I tried to make the example as simple as possible: $$\frac{d^2x}{dx^2}W=c_1 x^3\cdot\text{somefunc}(\frac{W+x^2\lambda}{c_2x^2})$$ which is defined for $0<x\leq1$.
$c_i$ are constants and $\lambda$ is an unknown parameter to be determined.

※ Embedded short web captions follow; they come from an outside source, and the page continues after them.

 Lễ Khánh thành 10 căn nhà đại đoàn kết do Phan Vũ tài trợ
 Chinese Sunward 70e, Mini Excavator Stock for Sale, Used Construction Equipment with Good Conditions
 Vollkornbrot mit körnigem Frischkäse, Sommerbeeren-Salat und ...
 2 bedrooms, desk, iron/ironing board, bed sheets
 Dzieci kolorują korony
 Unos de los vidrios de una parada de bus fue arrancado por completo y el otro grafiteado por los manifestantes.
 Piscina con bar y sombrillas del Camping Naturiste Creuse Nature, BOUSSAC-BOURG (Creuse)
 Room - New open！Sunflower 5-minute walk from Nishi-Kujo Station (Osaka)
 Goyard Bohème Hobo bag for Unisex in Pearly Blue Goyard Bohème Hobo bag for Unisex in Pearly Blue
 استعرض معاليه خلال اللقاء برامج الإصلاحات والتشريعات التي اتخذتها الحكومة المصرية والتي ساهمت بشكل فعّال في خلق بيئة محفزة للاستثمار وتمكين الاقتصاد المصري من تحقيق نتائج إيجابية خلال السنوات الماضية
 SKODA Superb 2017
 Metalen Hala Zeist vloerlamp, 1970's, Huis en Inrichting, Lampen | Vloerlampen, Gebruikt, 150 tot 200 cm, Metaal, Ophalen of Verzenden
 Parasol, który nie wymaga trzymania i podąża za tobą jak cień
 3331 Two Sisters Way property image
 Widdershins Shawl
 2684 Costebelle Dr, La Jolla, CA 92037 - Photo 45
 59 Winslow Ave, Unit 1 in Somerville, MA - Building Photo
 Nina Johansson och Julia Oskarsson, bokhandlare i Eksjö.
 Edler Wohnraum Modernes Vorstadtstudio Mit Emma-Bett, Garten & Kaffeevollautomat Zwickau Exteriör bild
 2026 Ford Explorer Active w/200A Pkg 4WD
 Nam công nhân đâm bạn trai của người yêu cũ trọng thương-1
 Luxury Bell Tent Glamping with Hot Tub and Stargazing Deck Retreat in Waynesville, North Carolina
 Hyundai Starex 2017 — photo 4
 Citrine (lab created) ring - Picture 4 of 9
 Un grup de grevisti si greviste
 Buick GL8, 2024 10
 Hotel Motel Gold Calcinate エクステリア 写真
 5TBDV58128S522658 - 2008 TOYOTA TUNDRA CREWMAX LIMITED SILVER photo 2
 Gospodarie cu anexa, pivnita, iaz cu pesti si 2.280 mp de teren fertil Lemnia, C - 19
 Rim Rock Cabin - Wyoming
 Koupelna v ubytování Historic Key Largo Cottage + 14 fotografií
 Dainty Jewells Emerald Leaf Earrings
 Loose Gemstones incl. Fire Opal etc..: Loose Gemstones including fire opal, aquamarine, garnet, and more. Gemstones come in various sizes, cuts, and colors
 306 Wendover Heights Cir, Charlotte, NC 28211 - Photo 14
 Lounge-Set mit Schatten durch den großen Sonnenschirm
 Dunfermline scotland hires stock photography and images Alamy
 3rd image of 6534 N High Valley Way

The boundary conditions are given as: $$W(0)=c_3,\; W(1)=W'(1)=0$$
Further I have to use $W'=2xV$ so that $V'=c_1x^3\cdot \operatorname{somefunc}(\frac{W+\lambda x^2}{c_2x^2})$ .Dont ask me why I can't simply use $W'=V$, I dont't know. But I have to use that uncomfortable formulation for the first derivative.
That's what I have tried:
f = @(x,W,lambda) [ W(2); 2*c1*(x^3)*somefunc((W(1)+(x^2)* lambda)/(c_2*x^2)];
g = @(ya,yb,lambda)[ya(1)-c_3; yb(2)-yb(1);yb(2)];
solinit=bvpinit([0,1],[0,0],0);
sol = bvp4c(f,g,solinit);
Of course that's incorrect. I simply used $W'=V$ since I don't know better.
How can I get W(x)? Any hints?
edit:all constants as well as the function 'somefunc' is known.